● **WHAT IS EXPECTED**:
An exact copy of the lines from the one containing "Comerciantes golpearon a" through the final line of the records is the only acceptable answer.

[[ DATA LISTING open ]]

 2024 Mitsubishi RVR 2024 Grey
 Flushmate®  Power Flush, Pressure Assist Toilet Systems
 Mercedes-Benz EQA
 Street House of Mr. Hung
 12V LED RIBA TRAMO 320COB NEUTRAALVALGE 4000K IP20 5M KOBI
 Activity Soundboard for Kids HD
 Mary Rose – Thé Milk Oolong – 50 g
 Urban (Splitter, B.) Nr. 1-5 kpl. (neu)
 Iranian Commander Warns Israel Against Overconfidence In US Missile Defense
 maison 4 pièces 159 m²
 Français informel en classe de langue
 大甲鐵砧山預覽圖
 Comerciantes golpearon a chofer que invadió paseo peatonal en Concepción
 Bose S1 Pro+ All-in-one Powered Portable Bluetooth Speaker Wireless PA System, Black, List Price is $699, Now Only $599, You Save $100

[[ DATA LISTING closed ]]

● **ANSWER SPACE**:
 Comerciantes golpearon a chofer que invadió paseo peatonal en Concepción
 Bose S1 Pro+ All-in-one Powered Portable Bluetooth Speaker Wireless PA System, Black, List Price is $699, Now Only $599, You Save $100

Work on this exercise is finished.